Part pop-up restaurant, part Kickstarter, Kris Martin's Sprout dinners feed Seattle's arts itch and its gastronomes.

When Kris Martin was a young boy growing up in Venice Beach, Calif., in the 1980s, the object of his hero worship was not a football star, a film idol, or a surf god, but a restaurant critic for a local television station named Elmer Dills who had thinning hair, graying sideburns, and a gently bulging tummy that came from eating without many limits.

“I decided he had the best job I could imagine,” said Martin, himself an indiscriminate eater.

Dills, a populist, emphasized interesting and cheap over dazzling and expensive, working to nearly age 80 — he recently died, in 2008 at age 82.

Still Martin eventually put aside his love of eating and food, and went a different direction. He attended the University of Washington and earned two degrees in computer science, going to work at first for the university, then later for Microsoft in jobs where he was more evangelist than technician.

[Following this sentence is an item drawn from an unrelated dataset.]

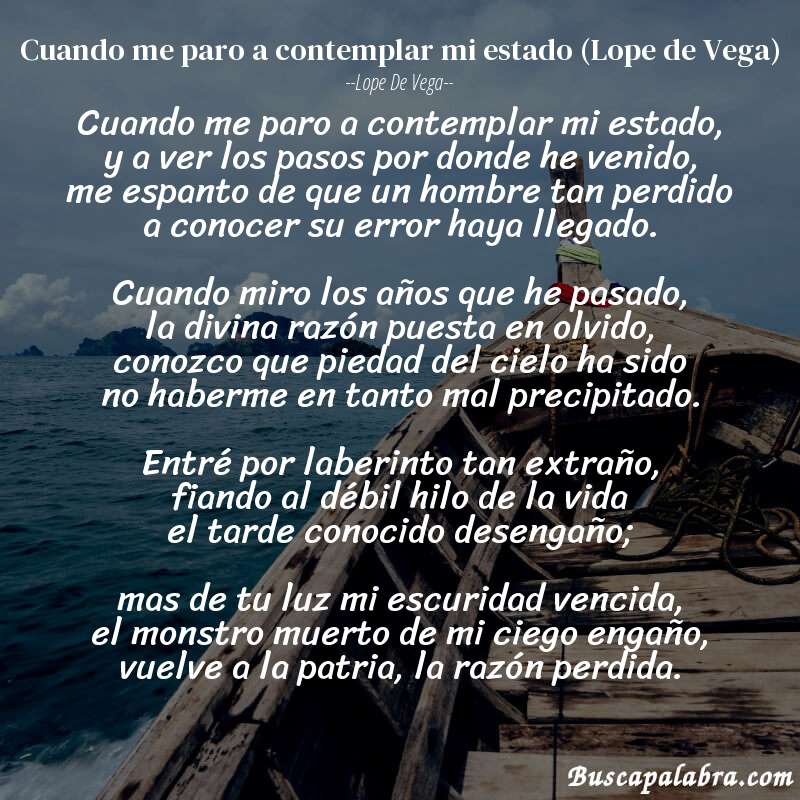 Poema Cuando me paro a contemplar mi estado (Lope de Vega) de Lope de Vega con fondo de barca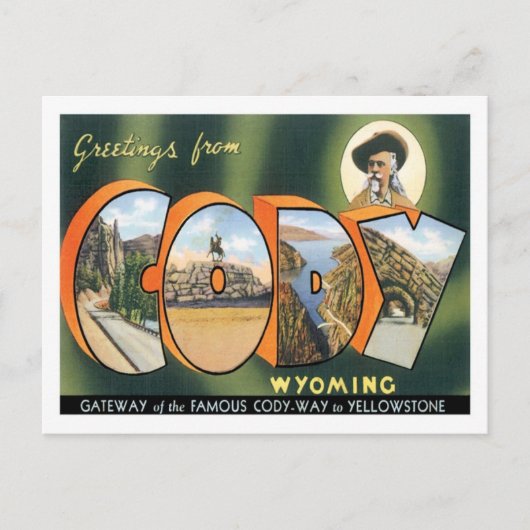 Greetings uit Cody Wyoming US City Briefkaart (Voorkant)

He was an outreach specialist for the UW, hired to convince school kids it was cool to study math and work with computers. At Microsoft, where he is currently employed, he is what he calls a “conceptual designer” — an enviable job. Its meaning distilled, his job is to construe the future, producing videos that “explore how people’s lives might be different in five to 10 years,” he said. “…Like a day in the life in a parallel universe.”

His concepts do not have to be viable or feasible, but ought to inspire others at the company to develop feasible and viable products. If the corporation is an organism with limbs, a skeleton, a vascular system, and a brain, Martin’s team is its imagination, dreamy stuff for any employee in any company.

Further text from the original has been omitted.